= Defeasibility (linguistics) =

Term in linguistics

In the linguistic field of pragmatics, an inference is said to be defeasible or cancellable if it can be made to disappear by the addition of another statement, or an appropriate context. For example, sentence [i] would normally implicate [ii] by scalar implicature:

i: Alice has three children.
ii: Alice has exactly three children.

But the implicature can be cancelled by the modification in [ib]:

ib: Alice has three children, and possibly more.

Whereas conversational implicatures and presuppositions may be cancelled, an entailment may not be. For example, [i] entails the proposition "Alice has at least three children", and this cannot be cancelled with a modification like:

ic: Alice has three children, and possibly less.

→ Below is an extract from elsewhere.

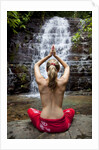 Woman meditating in front of a waterfall by Anonymous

==Explicit and contextual cancellation==

Grice, the originator of the concept of implicature, draws a distinction between explicit and contextual cancellation. He calls an implicature p explicitly cancellable if it is possible to cancel it by adding a statement to the effect of "but not p" to the utterance which would otherwise implicate it. For example:

There's beer in the fridge. But that's not to say I'm offering you any.

An implicature is contextually cancellable if it can fail to manifest in a different context. For example, if Bob says "We have two spare bedrooms", this would normally implicate that his house has exactly two spare bedrooms. But this implicature disappears if Bob is speaking with Carole and Diane who are planning a visit to Bob's city and looking for a place to stay.